Generate a semi-unique string ID for a protocol (PROTOCOL_ID) based on its type, name, the campaign name, and a sequence number; used as a key between Methods and Measurements table.
Source: R/fct_generate_IDs.R
generate_protocol_id.RdGenerates a standardised protocol identifier based on protocol type, name, sequence number, and campaign. The function is fully vectorised and can handle multiple protocols simultaneously.
Arguments
- protocol_type
Character vector. The category of protocol (e.g., "Sampling Protocol", "Analytical Protocol"). Must match one of the predefined categories or will default to "X".
- protocol_name
Character vector. The specific name/method within the protocol category. Will be abbreviated and cleaned for ID generation.
- sequence_number
Numeric vector. Sequential number for protocols within the same category. Defaults to 1. Will be zero-padded to 2 digits.
- campaign_name
Character vector. Name of the campaign/study. Will be abbreviated to first 10 alphanumeric characters.

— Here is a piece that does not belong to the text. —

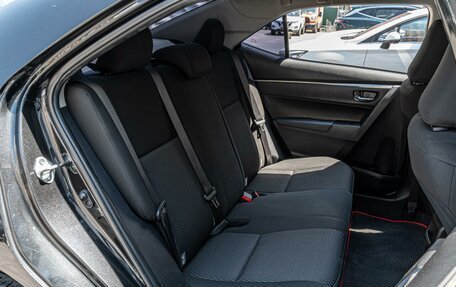 Toyota Corolla, 2013 год, 1 190 000 рублей, 7 фотография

Defaults to "".
Value
Character vector of protocol IDs with format:
TypeCodeSequenceNumber_AbbreviatedName_CampaignAbbrev
Where:
TypeCode: S (Sampling), F (Fractionation), E (Extraction), A (Analytical), X (Unknown)
SequenceNumber: Zero-padded 2-digit number
AbbreviatedName: Up to 15 alphanumeric characters (optional)
CampaignAbbrev: Up to 10 alphanumeric characters (optional)
Details
Edge cases:
NULL or empty values result in appropriate defaults
Invalid protocol types default to "X"
Names are cleaned of special characters and spaces
Empty components are omitted from the final ID
See also
Other generate_id:
abbreviate_string(),
generate_reference_id(),
generate_sample_id_with_components(),
protocol_id_regex(),
sample_id_regex()
Other method:
analytical_protocols_vocabulary(),
example_methods_tibble(),
extraction_protocols_vocabulary(),
fractionation_protocols_vocabulary(),
initialise_methods_tibble(),
protocol_categories_vocabulary(),
protocol_id_regex(),
protocol_options_vocabulary(),
sampling_protocols_vocabulary()
Examples
# Single protocol
generate_protocol_id("Sampling Protocol", "Water Sample", 1, "MyStudy")
#> [1] "S01_WaterSample_MyStudy"
# Returns: "S01_WaterSample_MyStudy"
# Multiple protocols (vectorised)
types <- c("Sampling Protocol", "Analytical Protocol")
names <- c("Water Sample", "LC-MS Analysis")
sequences <- c(1, 2)
generate_protocol_id(types, names, sequences, "Study2024")
#> [1] "S01_WaterSample_Study2024" "A02_LCMSAnalysis_Study2024"
# Returns: c("S01_WaterSample_Study2024", "A02_LCMSAnalysis_Study2024")